We have been using Domo for nearly a year now and are heavily utilizing DataFusion and Dataset Views to accomplish joining dimension tables to our primary fact tables. By the time we have joined everything we need, it is not uncommon to be looking at 300-800 columns and 50-100 million rows across 5-6 datasets. We often see performance issues with these tools however, such as not being able to edit/preview the datafusion or dataset view. We have worked with Domo to "optimize" these to the extent they can and are often still running up against a scenario where it works as long as we don't want to edit or make any changes. What are others using to transform/join massive tables like this in Domo?

Additional Info: These are mostly large ERP datasets coming in via workbench. They must be joined separately (not during ingestion) as these are dynamic rollups such as product hierarchy, item attributes, fiscal calendar offset.

Any advice or experiences is much appreciated!

Answers

  • jaeW_at_Onyx
    jaeW_at_Onyx Budapest / Portland, OR 🟤

    @user02790,

    Super important. Can you please update your username handle so it's easier to AT_Mention you? it helps guarantee you get timely notifications... and also helps respondents get an idea of who we're talking to!


    This will start by sounding snide but lead to a solution that i've implemented at companies with multi Billion-row datasets in Domo.


    Could you imagine writing SELECT * on a query that JOINS multiple tables and outputting 100M rows spread across 800 columns of which many were text? Could you imagine then taking that Query and expecting to be able to get a subsecond response or even 1 minute ( the maximum query duration Adrenaline will accept) ?

    of course not right? And even if you did, it's the kind of expensive query where your DBA would say, "just run that query once in a while." b/c if you were paying per query execution, it's super wasteful.

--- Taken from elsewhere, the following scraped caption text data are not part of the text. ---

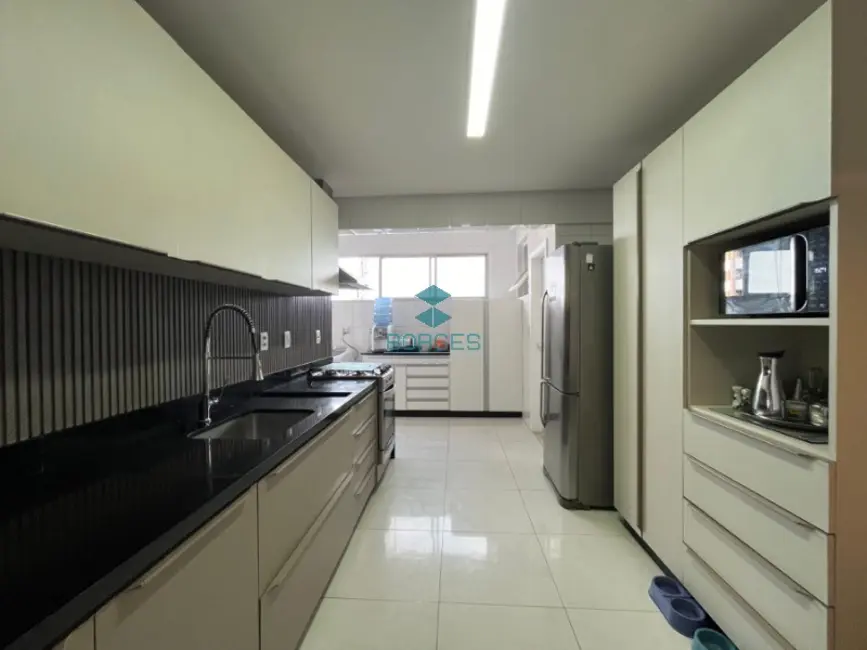 Apartamento com 4 quartos à venda, 200m2 em Graça, Salvador - BA - imagem 8 Foto 8 de Apartamento com 4 quartos à venda, 200m2 em Graça, Salvador - BA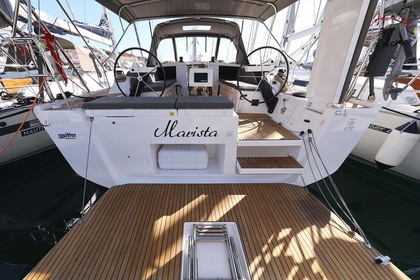 Charter Sailboat Dufour Dufour 430 Murter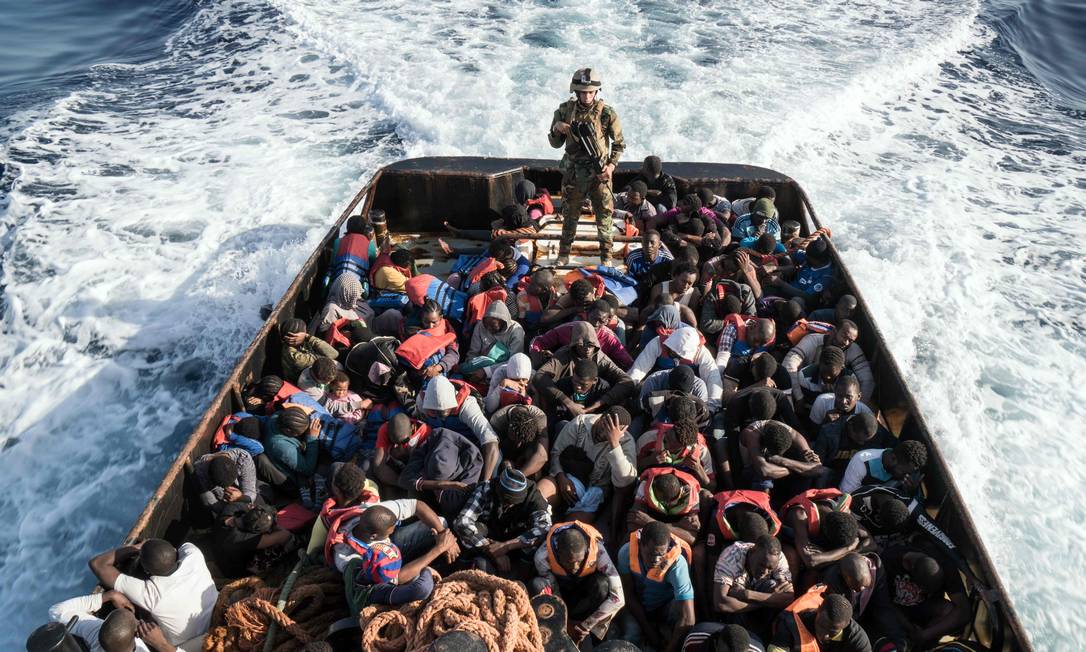 Na imagem, um barco da guarda costeira da Líbia resgata 147 imigrantes que tentavam entrar ilegalmente na Europa, em 2017 Foto: TAHA JAWASHI / AFP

    Solution: Build a Fusion with just the columns you need.

    I know. You need all of them ;) Or, your users haven't defined what they need so you want to give them all of them.

    In Domo Governance there's a dataset BeastModes, Cards and Fields (or a name like that ...) it has one row per field used in a dataset (as a filter, axis, in a beast mode, in the ORDER BY clause etc.) Build a card that lists the number of times each field was used in cards per dataset, and then build an optimized fusion with the top N columns.

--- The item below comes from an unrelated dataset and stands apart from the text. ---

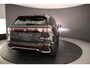 Volkswagen Tiguan R-Line Edition 1.5 TSI eHybrid 272pk DSG Automaat Trekhaak, Panoramadak, Adaptive cruise control, Elektrische achterklep, LED koplampen, Achteruitrijcamera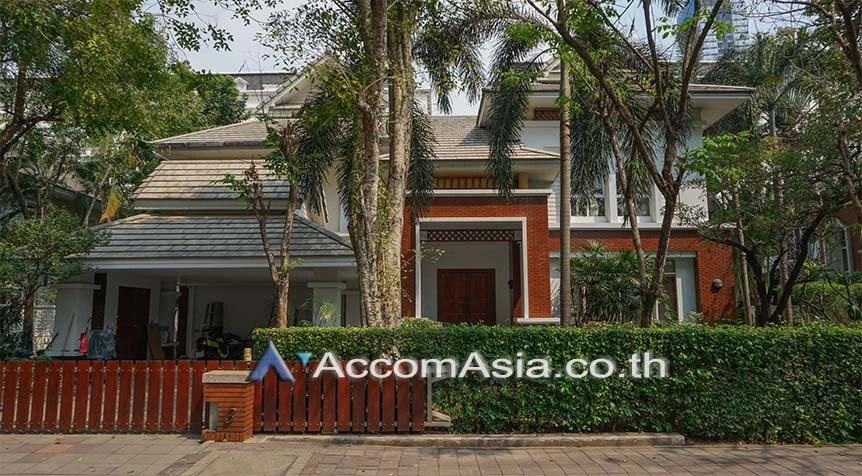 19  4 br House for rent and sale in Sukhumvit ,Bangkok BTS Thong Lo at Privacy and Peaceful AA24100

    Migrate most of your cards to it, then in drilldown, link to the gargantuan dataset if necessary.


    For Data Exploration.

    Build exploration datasets that provide a sample of the 100m rows (let's say 10k) spread across the 800 columns. As people explore the dataset should feel more responsive. Then when it's time to productionize, discover that htey're still using the same 30 columns and profit :P

    OR build them a custom dataset if necessary.


    Alternatively, find clever ways of reducing the number of Dimensions you use so you can have fewer joins.

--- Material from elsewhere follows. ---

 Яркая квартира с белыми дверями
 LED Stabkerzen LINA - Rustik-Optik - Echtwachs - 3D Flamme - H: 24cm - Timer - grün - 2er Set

    It may feel ugly to create a Date CROSS JOIN Customer hybrid, but if i have 365 * 50 ... that's still a cheap JOIN as opposed to two JOINs.


    Hope that helps!

  • Unfortunately it seems I don't have the ability to change my username, that box is greyed out :( My name is Kyle.

    Thanks for the thoughtful response. Our company is quite complex in nature (large M&A footprint) and we have many end users coming from different businesses with sometimes vastly different data and business processes. Because of this it is a bit challenging as our model has been to attempt to establish a single source of truth, which does provide organizational benefit. I think you are definitely right that we need to reevaluate that model given technical limitations.

    Part of our reluctance to do so has been our inability to get a straight answer on what we can expect to work in a datafusion due to the challenge of knowing what type of query could be created as there are many variables. When thinking about downsizing gargantuan datasets, do you have a target or any best practice that you have seen? I recognize this is a bit of a hard one based on all of the inputs and permutations between rows, columns, joins etc.

    We have begun to test an approach of a dataset that has "most things" and a dataset that has everything. We are hopeful that by reducing the column count substantially in our lighter dataset, that we can reap benefits there.

    Last question. When doing this type of reduction, do you agree that it is important to reduce the columns in the input datasets as opposed to simply dropping these columns out of the fusion as in the latter case the unused columns are still having to be considered by the fusion even though they aren't in the result?

    Thanks,

    Kyle